(patsy v0.4.1, python 3.5.0)
I would like to use patsy (ideally through statsmodels) to build a design matrix for regression.
The patsy-style formula that I would like to fit is
response ~ 0 + category
where category is a two-level categorical variable. The 0 + ...
is supposed to indicate that I do not want the implicit intercept term.
The design matrix that I expect has a single column with zeros and ones indicating whether category
has the base-level (0) or the other level (1).
The following code:
import pandas as pd
import patsy
df = pd.DataFrame({'category': ['A', 'B'] * 3})
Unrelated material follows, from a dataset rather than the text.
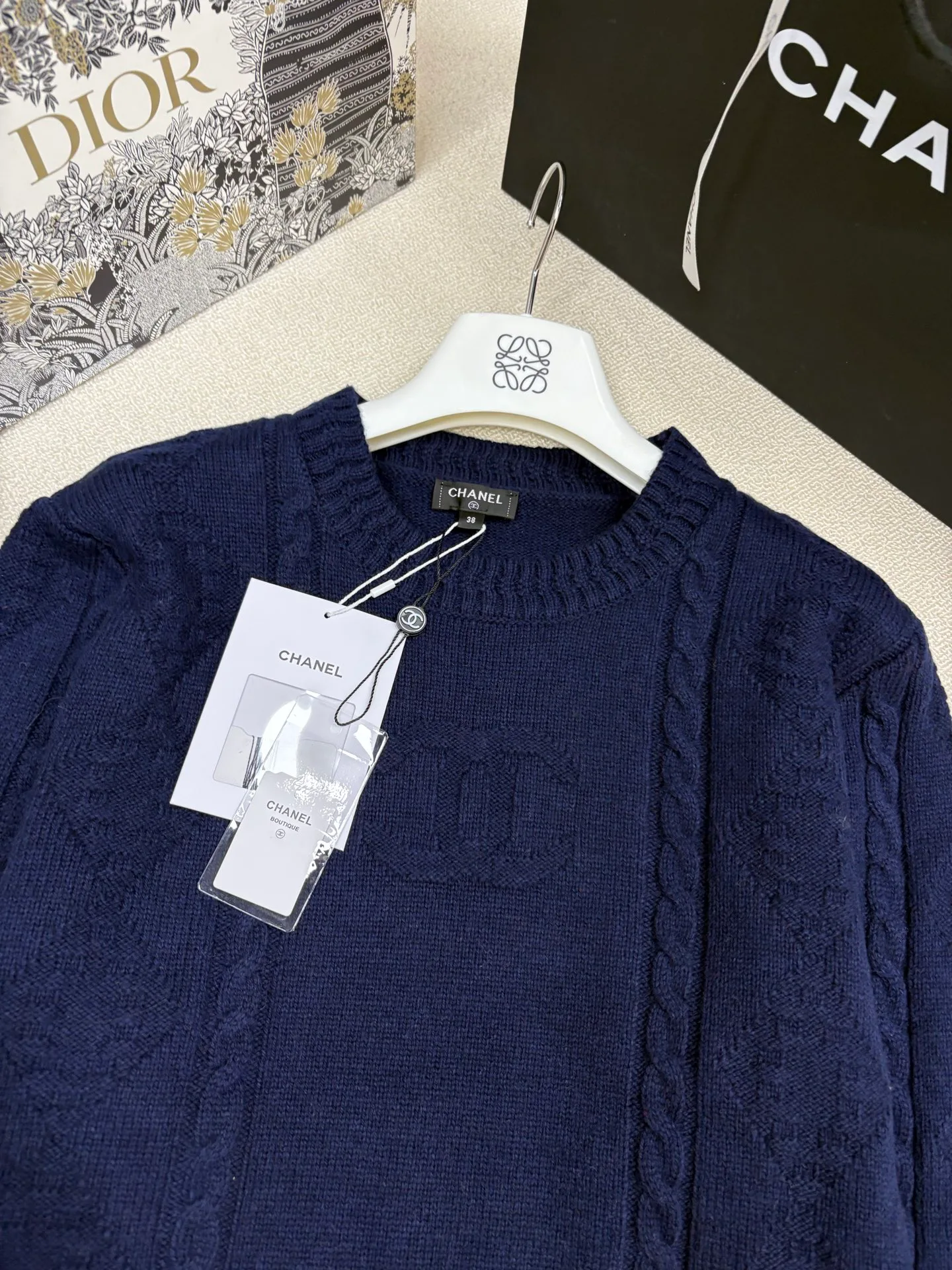 Джемперы И Свитеры Женские Chanel 1856825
patsy.dmatrix('0 + category', data=df)
Outputs:
DesignMatrix with shape (6, 2)
category[A] category[B]
1 0
0 1
1 0
0 1
1 0
0 1
Terms:
'category' (columns 0:2)
which is singular and not what I want.
When I instead run
import pandas as pd
import patsy
df = pd.DataFrame({'category': ['A', 'B'] * 3})
patsy.dmatrix('category', data=df)
the output is
DesignMatrix with shape (6, 2)
Intercept category[T.B]
1 0
1 1
1 0
1 1
1 0
1 1
Terms:
'Intercept' (column 0)
'category' (column 1)
which is correct for the model which includes an intercept, but still not what I want.
Is the output without an intercept the intended behavior? If so, why? Am I just confused about how this design matrix is supposed to work with standard coding?
I know that I can edit the design matrix to make my regression work the way I intend, but if this is a bug I'd like to see it fixed in patsy.